One of our favorite books is Why the Village Movement by Gandhian philosopher and economist J. C. Kumarappa. We turn to it again and again to be reminded of core principles for keeping economic transactions local.
Kumarappa’s works are now out of print, but we are lucky to have copies here at the Schumacher Center Library. You might find them through a used book search at your independent neighborhood bookstore.
As you are planning your holiday shopping, we share the following excerpt from his chapter on “The Role of Women” written in 1936 and imagining the women of rural villages of India.
Often buyers are only concerned with satisfying their own requirements as near as possible and as cheaply as they can. This way of going about the business is to shirk one’s duties. What are the duties of an effective consumer or buyer? When buying an article of everyday use one has to take account of the full repercussions of one’s transaction.
1) One should know where the article comes from,
2) Who makes the article?
3) Under what conditions do the workers live and work?
4) What proportions of the final price do they get as wages?
5) How is the rest of the money distributed?
6) How is the article produced?
7) How does the industry fit into the national economy?
8) What relation has it to the other nations?
If the buyer has to make her influence felt, the further afield she goes for her goods, the less will be the power of her influence at such distance, the less the chances of her information on various points raised being accurate, and the less will be her personal interest. If the goods come from a source which may be tainted with exploitation, either of sweat labor or of the political, financial or economic hold over other nations, or classes, or races, then the buyer of such goods will be a party to such exploitation, just as a person who buys stolen articles from a “chore bazar” creates a market for stolen goods and thus will be encouraging the art of stealing. Therefore, any one who buys goods indiscriminately is not discharging her full responsibility when the sole criterion of her buying is merely the low price or the good quality of the goods. Hence, we should buy goods only from sources from which full information is readily available and which source can be brought under our influence; otherwise we shall have to shoulder a share of the blame for sweat labour, political slavery, or economic stranglehold. We cannot absolve ourselves of the all blame by merely pleading ignorance in regard to the source.

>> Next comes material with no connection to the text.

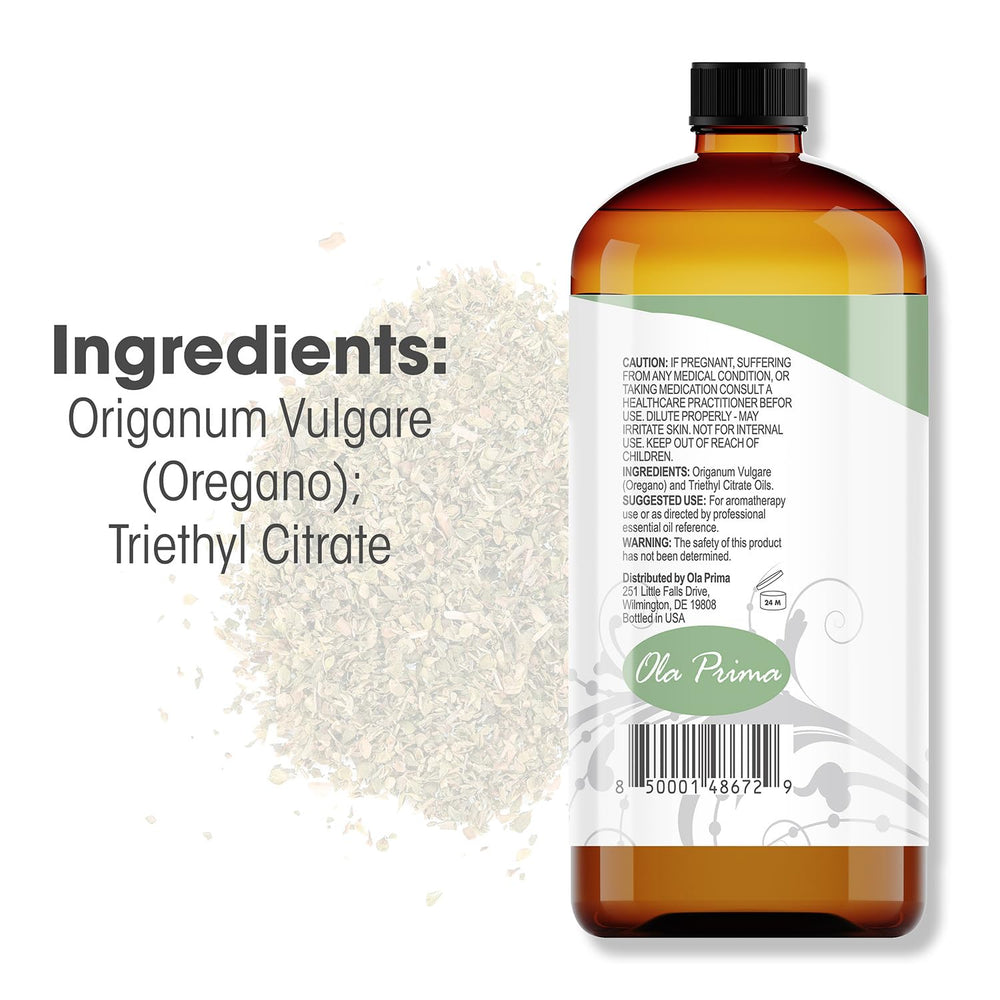 Ola Prima oregano oil 16oz amber bottle close-up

If the raw materials for making cocoa are obtained from plantations on the West coast of Africa which use some form of forced native labour, are carried by vessels on sea routes monopolised or controlled by violence, manufactured in England with sweated labour and brought to India under favorable customs duties enforced by political power, then a buyer of a tin of cocoa patronises the forced labour conditions in the West coast of Africa, utilizes the navy and so partakes in violence, gains by the low wages or bad conditions of the workers in England and takes advantage of the political subjection of India. All this responsibility and more also is put into a little tin of cocoa!
Are we prepared to shoulder this grave responsibility and pander to our palate or shall we content ourselves with a cup of nutritious milk drawn from a well-kept cow at our door? These considerations are not far-fetched but actual. Anyone who looks on life seriously and as a trustee cannot afford to ignore these far reaching consequences of her actions.